Keine angehängten Dateien öffnen
Selbst wenn Sie den Absender kennen und ihm vertrauen: Eine E-Mail kann auch von jemandem stammen, der beide Adressen auf dem Rechner eines unvorsichtigen Dritten gefunden hat. Achten Sie auch auf den Inhalt der Mail – macht sie überhaupt Sinn bzw. ist sie typisch für den Absender?

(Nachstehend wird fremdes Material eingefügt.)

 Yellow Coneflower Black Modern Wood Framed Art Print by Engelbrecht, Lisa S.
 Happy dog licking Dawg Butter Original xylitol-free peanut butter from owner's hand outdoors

Wenn Sie schließlich einen Dateianhang öffnen wollen, dann kopieren Sie diesen zunächst in einen leeren Ordner. Überprüfen Sie ihn dort mit Ihrer frisch aktualisierten Virenschutzsoftware. Wenn die keine Gefahr feststellt, können Sie die Datei öffnen.
3. Was tun mit SPAM?
Wenn Sie eine Mail als SPAM identifiziert haben, dann ist die größte Bedrohung schon fast vorüber. Wichtig ist hier: Öffnen Sie die Mail nicht und schon gar nicht evtl. vorhandene Anhänge. Sie sollten auch nicht auf die Mail antworten. Dadurch sieht der SPAM-Versender nämlich, dass Ihre E-Mail-Adresse "echt" ist und schickt Ihnen noch mehr unerwünschte Post. Verschieben Sie die Mail stattdessen einfach in den SPAM-Ordner Ihres E-Mail-Postfachs.